The transformer then decomposed these pre-linked chains back into individual NormalizedGraph nodes and edges. This round-trip (link → decompose) was redundant and made the codebase harder to reason about:

  • Adding a new entity type (e.g., Flow Designer flows) required threading it through the chain-building logic
  • The correlator mixed two concerns: entity discovery and relationship resolution
  • Test scenarios needed to construct complex chain objects with many nested fields
  • The data flow was opaque — it wasn't clear which entities came from which source

Decision

Replace pre-linked chains with flat entity discovery (DiscoveredEntities) and explicit edge resolution (EdgeResolver).

New data flow

SN Client → entity dicts by type → EdgeResolver (client_id match, script-text search) → DiscoveredEntities → Transformer → NormalizedGraph

Key types

  • DiscoveredEntities: Flat container with lists of entities by type (business_rules, script_includes, scheduled_jobs, flows, rest_messages, oauth_entities, azure_sps, etc.) plus resolved edge lists (auth_edges, caller_edges)
  • EdgeResolver: Explicit resolution of cross-entity relationships. resolve_auth_edges() matches OAuth entities to Azure SPs by client_id. resolve_caller_edges() matches automations to REST messages by script-text search.
  • ResolvedEdge: Edge with provenance properties (matching field, matching value, issuing system) preserved for evidence packs

Migration strategy

The transformer has a transform_entities() method that accepts DiscoveredEntities and internally bridges to the existing transform() method via _build_legacy_objects(). This adapter pattern guarantees output parity during migration. The legacy Integration/ExecutionChain classes remain in the codebase for the adapter but are no longer the primary interface.

Rationale

Why flat entities over pre-linked chains

  • Simpler connector code: Discovery functions return entities directly without needing to know about chain structure
  • Explicit edge resolution: Cross-entity relationships are resolved in a dedicated step with clear matching rules, not buried in correlator logic
  • Testability: Entity builders in test scenarios are straightforward lists, not deeply nested objects
  • Extensibility: Adding new entity types (e.g., flows) just means adding a new list field to DiscoveredEntities

Why preserve provenance on edges

ResolvedEdge.properties carries evidence references (matching field, matching value, issuing/target system IDs) that flow through to evidence packs. Using a dict (not a bare tuple) ensures explainability is preserved.

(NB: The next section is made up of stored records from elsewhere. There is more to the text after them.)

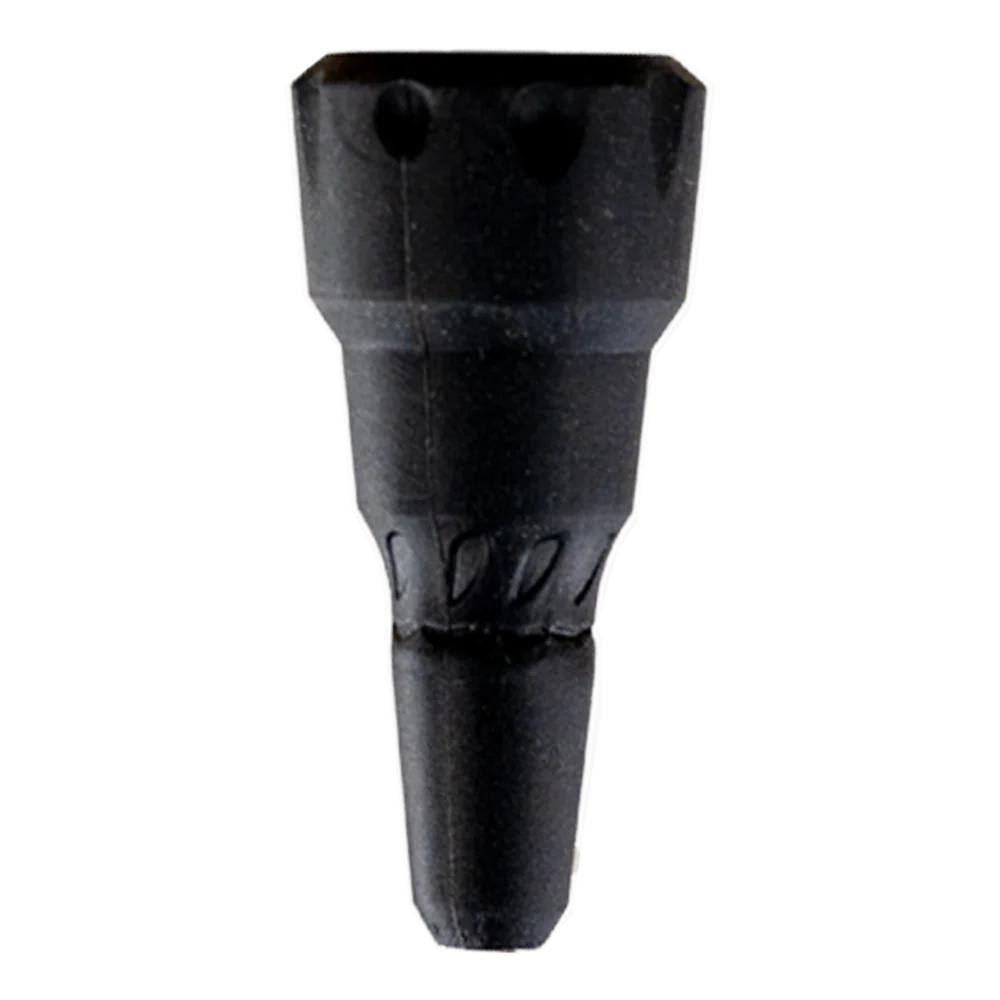 DynaVap The Bonger - Black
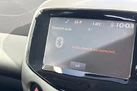 2017-citroen-c1-10-vti-airscape-feel-small-30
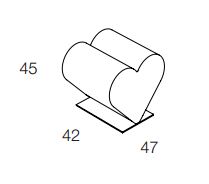 opinion ciatti love misure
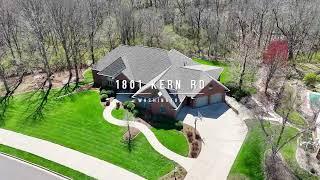 1801 Kern Rd Washington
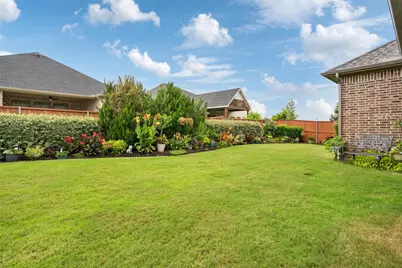 121 Lantana Lane, Wylie, TX 75098 - Photo 39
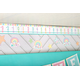 Pastel Pop Positive Sayings Accents Alternate Image B
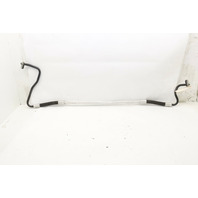 2002-2004 Porsche 911 996 C4S Turbo Front AC A/C Air Conditioner Line Center OEM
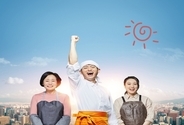동행축제 ON누리 카드형 온누리상품권 이벤트 안내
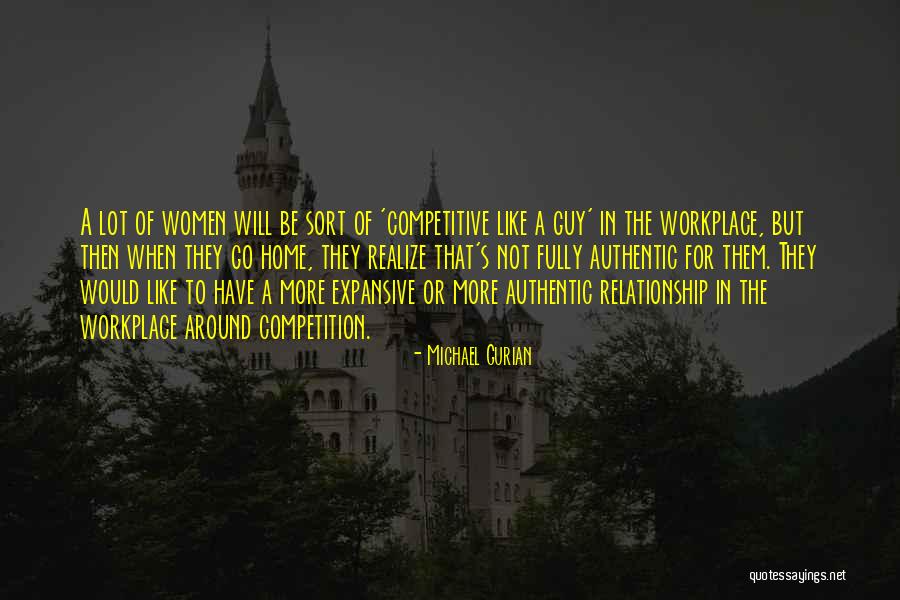Sanaria Quotes By Michael Gurian Sanaria Quotes By Michael Gurian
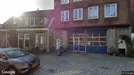Przestrzeń komercyjna Do wynajęcia, Haarlem, North Holland, Schouwtjeslaan 12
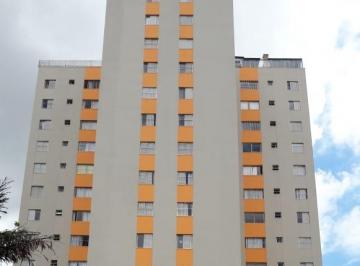 2020/01/109425832.jpg · Apartamento Cruz das Almas, 2 dorms.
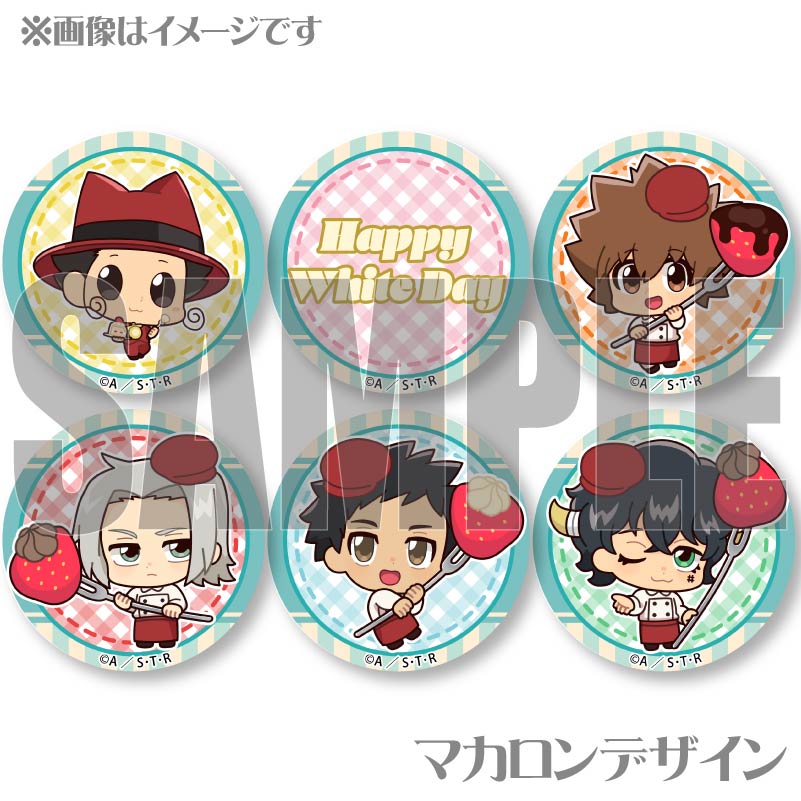 ۥ磻ȥǡץޥ6ĥå2025ʥܡĹ˵ȡȻ͡ܡ10ǯˡʤˡˡŵ̥Хåդ[եҥåȥޥREBORN!]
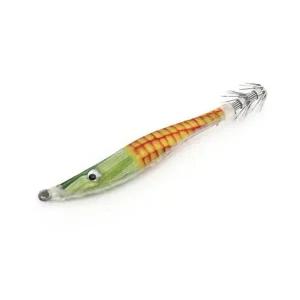 더블킬 이카스타 오모리 슷테 옥수수 80g SDK-HE80-04 (WFK1L4S)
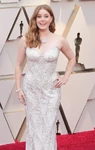 Amy Adams 91st Oscars.jpg (123 KB) Amy Adams arrives at the 91s annual Academy Awards in February 2019.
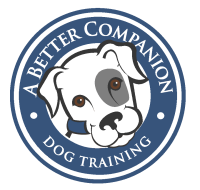 A better companion (abc) pet training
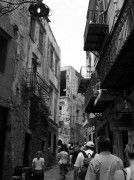 PICT0078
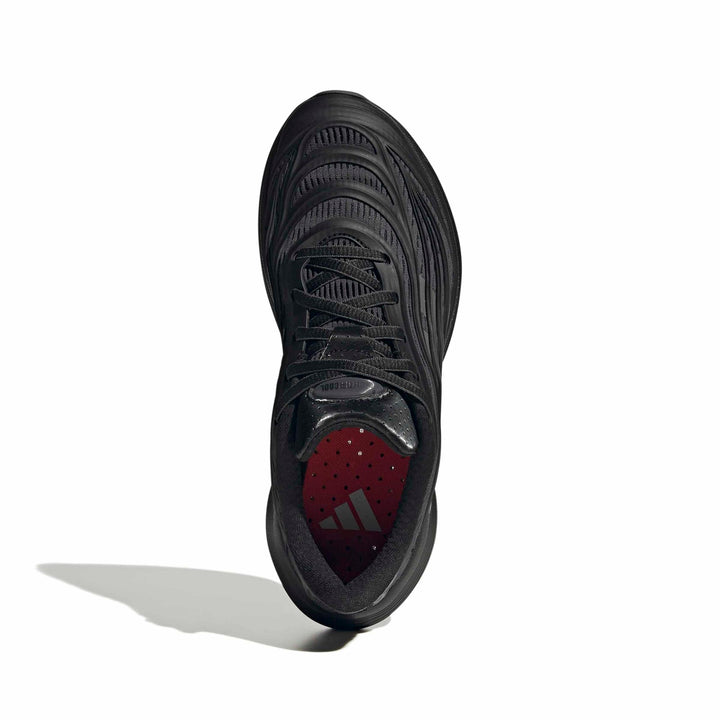 adidas Climacool Spw - carbon/ironmt/cblack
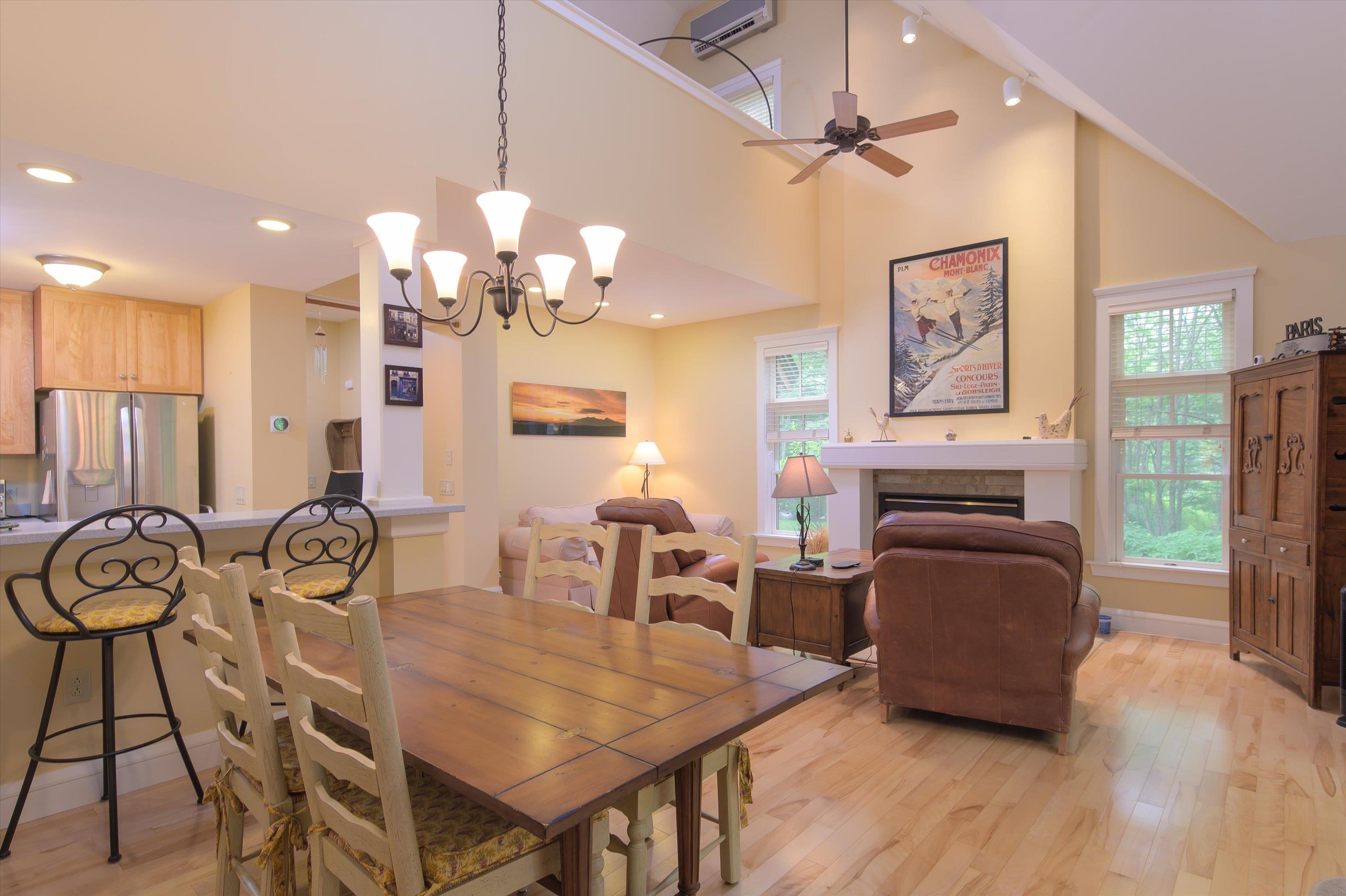 44 Freeman Road B2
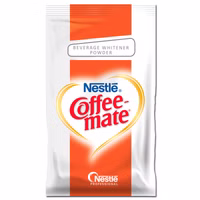 Nestle Coffeemate Kaffeeweißer 1000g Beutel Nestle Coffeemate Kaffeeweißer 1000g Beutel Bild 1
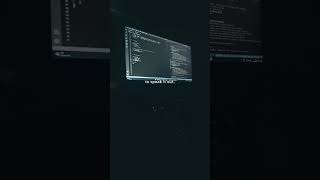 IF YOU CAN SEE IT HERE #shorts #coding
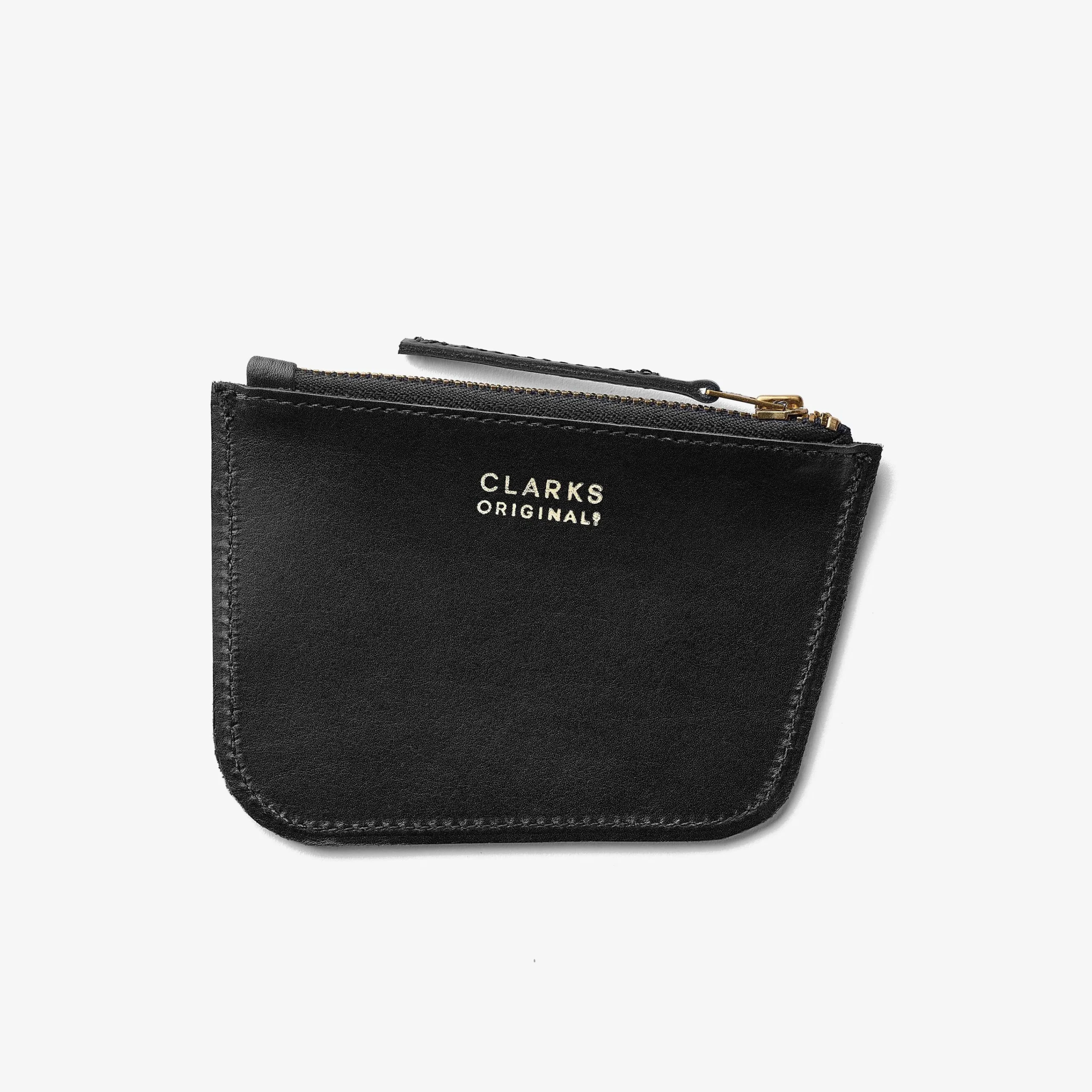Discount Wallabee Coin Women Originals|Accessories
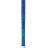 Yonex Ezone 100L 285g 2025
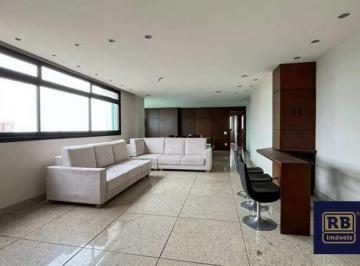 foto1.jpg · Apartamento com 3 quartos à venda em Belo Horizonte, no bairro Belvedere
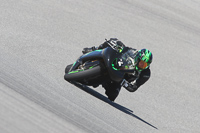 may-2014;motorbikes;no-limits;peter-wileman-photography;portimao;portugal;trackday;trackday-digital-images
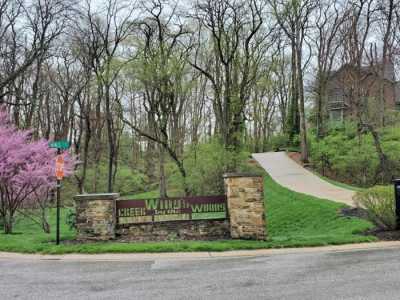 Home For Sale in Brownsburg, Indiana
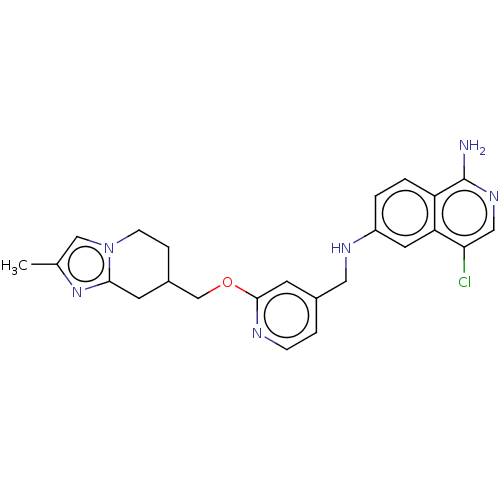 PNG
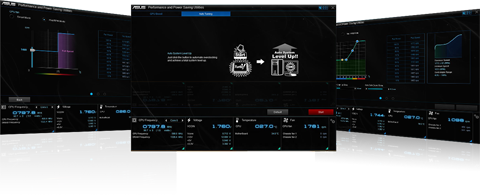 Z97-E/USB3.1
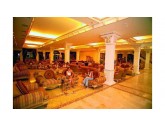 Alanya'da Satılık Suite Otel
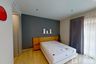 1 Bedroom Condo for rent in Noble Solo, Khlong Tan Nuea, Bangkok near BTS Thong Lo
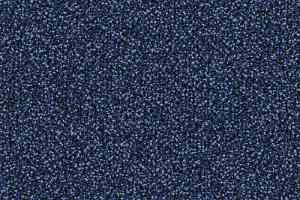 Ковровая плитка Desso Sand 8501 фото  | FLOORDEALER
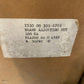 Brake Adjusting Nut 2530 00 335 4748 | DIA700 80 M A585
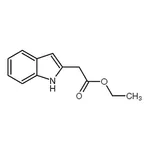 RHAWN Ethyl 2-(1H-indol-2-yl)acetate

Why adapter pattern for migration

Rewriting the full transformer was unnecessary risk. The adapter (_build_legacy_objects()) reconstructs legacy chain objects from flat entities, delegating to the battle-tested transform(). Both paths produce identical NormalizedGraph output.

Consequences

  • Positive: Connector code is ~40% simpler. Adding Flow Designer support required only adding a flows list to DiscoveredEntities and a few lines in the transformer.
  • Positive: Edge resolution logic is unit-testable in isolation (23 tests for EdgeResolver).
  • Negative: The adapter layer adds intermediate conversion overhead. This is acceptable for the current scale and can be removed when the transformer is rewritten to process entities directly.
  • Neutral: Legacy Integration/ExecutionChain classes remain in correlator.py for the adapter. They can be removed in a future cleanup.